What is this, a court case? :lol: What was the point in your repeating the question when it had already been answered by two people? For the third time: we have no concrete evidence that Callas sang Brunnhilde's trills, but it's absolutely safe to assume that she did. Is there some reason to doubt this?

Even court cases may be determined on a "preponderance of the evidence" standard. We know that Callas had an excellent trill, and that where trills were written by composers in the music that she sang, she sang them. Can you think of any reason why she would not sing them in Brunnhilde's music? Can there be any _reasonable_ doubt that she did so? Can you think of any reason whatever why she'd leave them out? Is having a recording or sworn testimony that she did so important to your peace of mind? Isn't this whole discussion just a wee bit silly?

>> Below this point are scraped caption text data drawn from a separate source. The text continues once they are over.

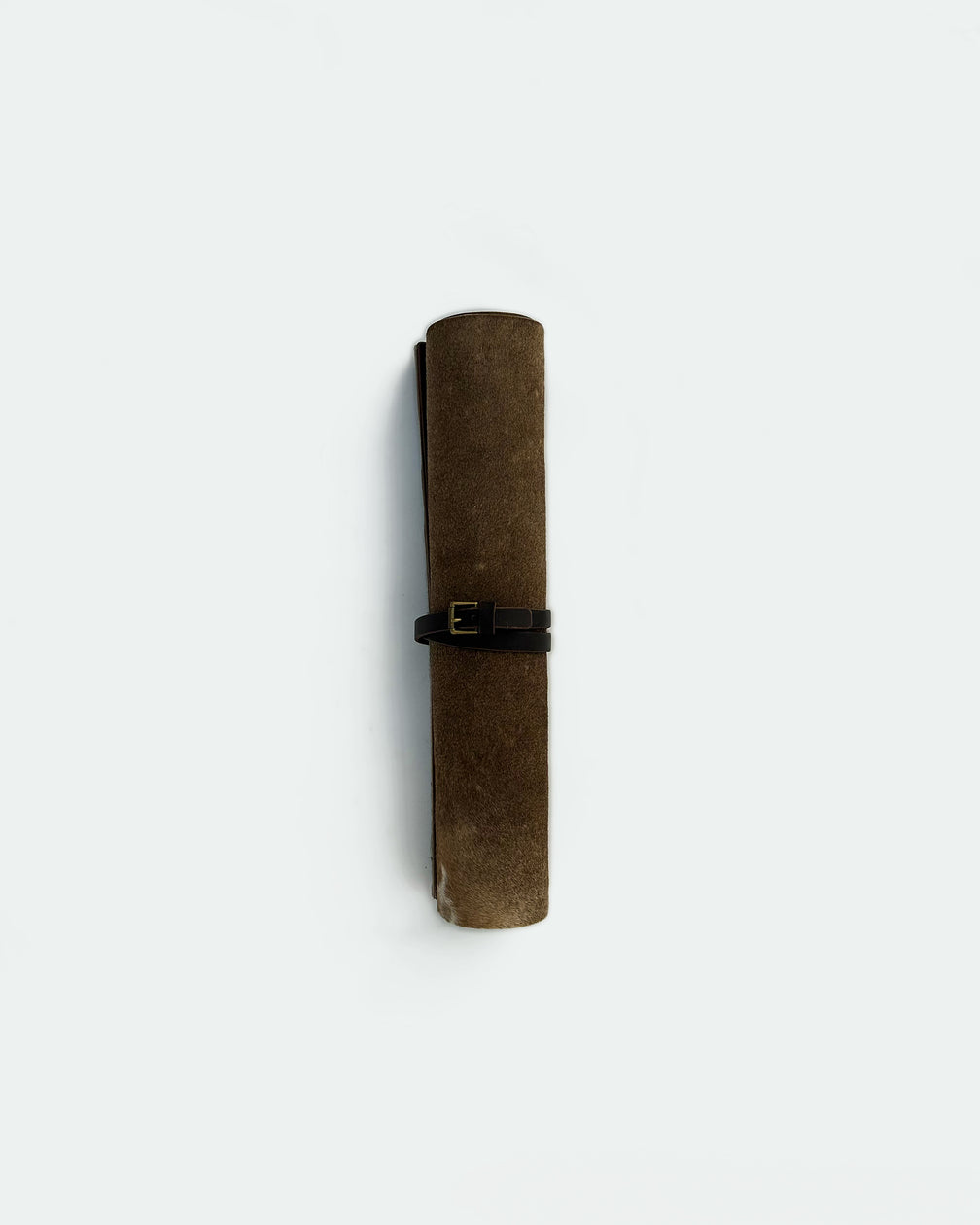 The Drifter 26, a leather backgammon board. Light brown leather with cream and dark brown points. View 2.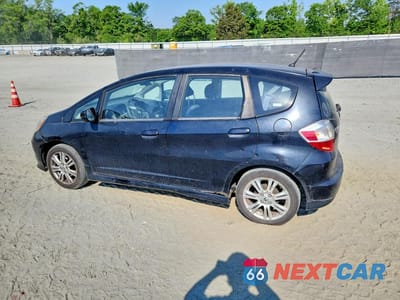 Drugie zdjęcie samochodu z przodu: 2009 HONDA FIT VIN:JHMGE874X9S025642 - miniatura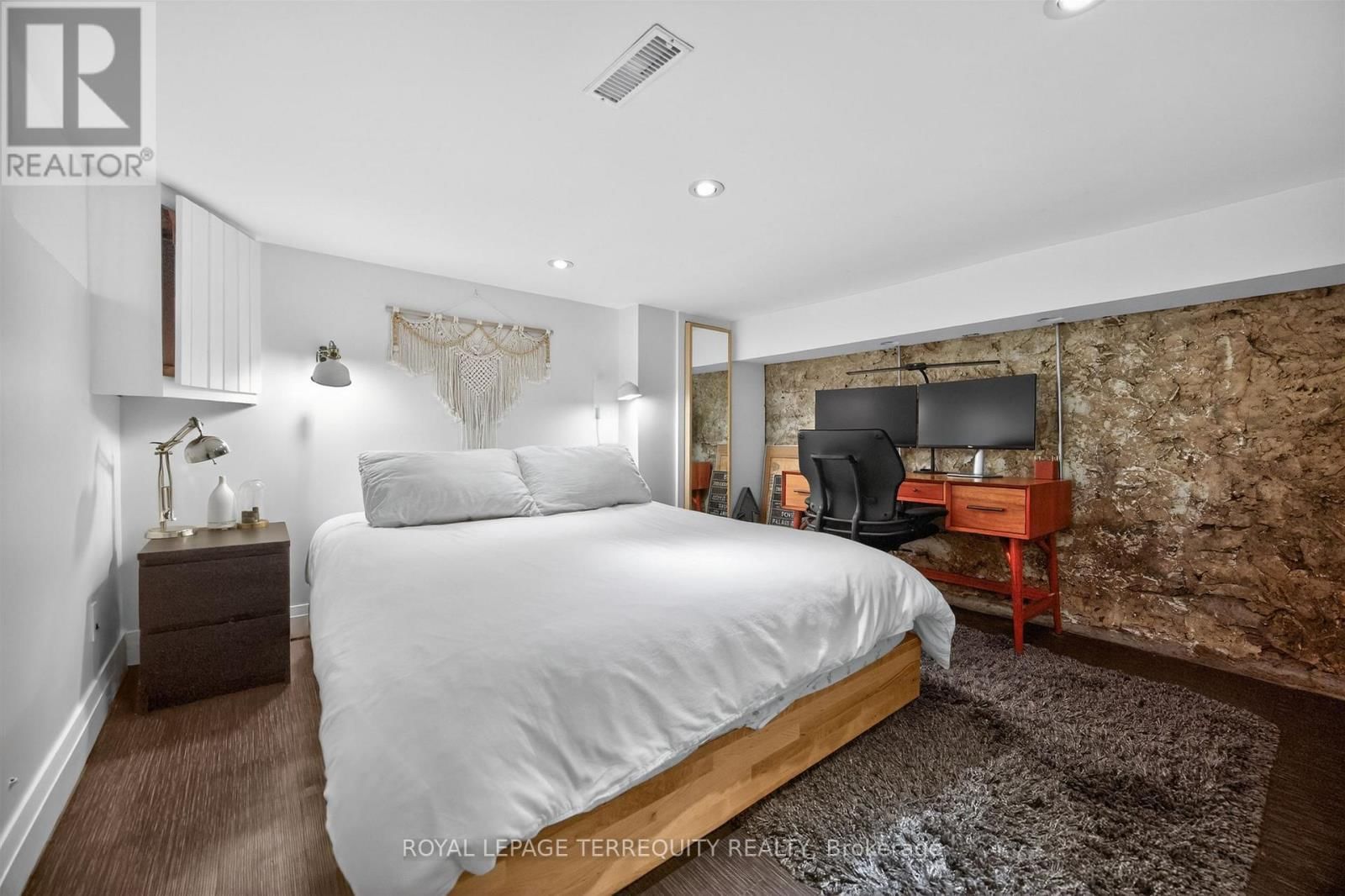 75 PRISCILLA AVENUE Image 31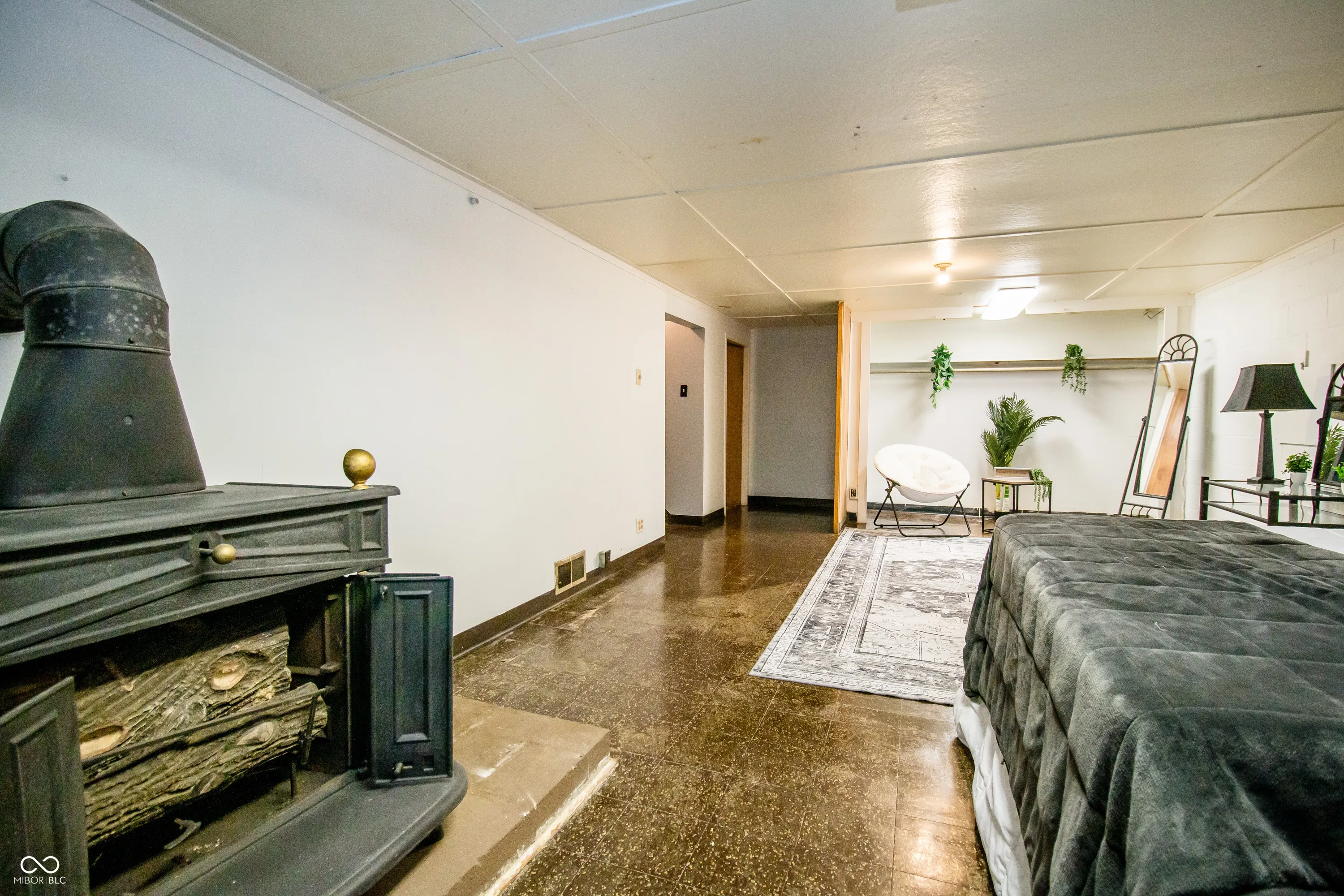 Columbus, Indiana 47201, United States, 2 Bedrooms Bedrooms, ,1 BathroomBathrooms,Residential,Pending,87761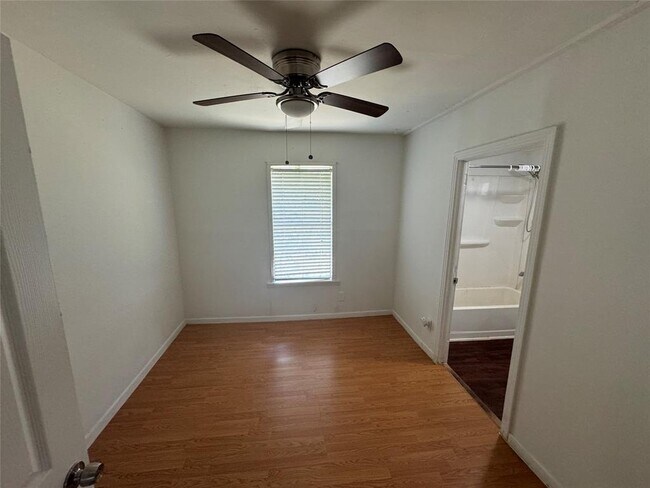 Building Photo - 1133 Saucedo St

If you understood anything about Callas, you would know that she was committed to musical accuracy and respect for a composer's instructions, and would have seen those trills as a delightful challenge and an opportunity to exercise her bel canto skills. She would probably have known that many dramatic sopranos couldn't do a proper trill - very likely Serafin would have pointed that out even if she didn't already know it - and she would have enjoyed showing how the music should be sung. Again, if you have a different view, I'm all eyes.


----------



## Orfeo (Nov 14, 2013)

No *Hildegard Behrens* (Levine/MET)?
I for one can't forget that profound sense of resolve mixed with in with that vulnerable femininity. She has such a stage presence and her singing, while not the most powerful, is soulful.


----------



## Seattleoperafan (Mar 24, 2013)

Orfeo said:


> No *Hildegard Behrens* (Levine/MET)?
> I for one can't forget that profound sense of resolve mixed with in with that vulnerable femininity. She has such a stage presence and her singing, while not the most powerful, is soulful.


I grew to love her. Nilsson was a hard act to follow. She has a very emotional sounding voice and can sing with great beauty. Certainly she is a fine actress and looked great on stage. Bit of trivia: she was actually a fine Mozart singer and sang it often at the Met.


----------



## DavidA (Dec 14, 2012)

Woodduck said:


> What is this, a court case? :lol: What was the point in your repeating the question when it had already been answered by two people? *For the third time: we have no concrete evidence that Callas sang Brunnhilde's trills,* but it's absolutely safe to assume that she did. Is there some reason to doubt this?
> 
> Even court cases may be determined on a "preponderance of the evidence" standard. We know that Callas had an excellent trill, and that where trills were written by composers in the music that she sang, she sang them. Can you think of any reason why she would not sing them in Brunnhilde's music? Can there be any _reasonable_ doubt that she did so? Can you think of any reason whatever why she'd leave them out? Is having a recording or sworn testimony that she did so important to your peace of mind? Isn't this whole discussion just a wee bit silly?
> 
> If you understood anything about Callas, you would know that she was committed to musical accuracy and respect for a composer's instructions, and would have seen those trills as a delightful challenge and an opportunity to exercise her bel canto skills. She would probably have known that many dramatic sopranos couldn't do a proper trill - very likely Serafin would have pointed that out even if she didn't already know it - and she would have enjoyed showing how the music should be sung. Again, if you have a different view, I'm all eyes.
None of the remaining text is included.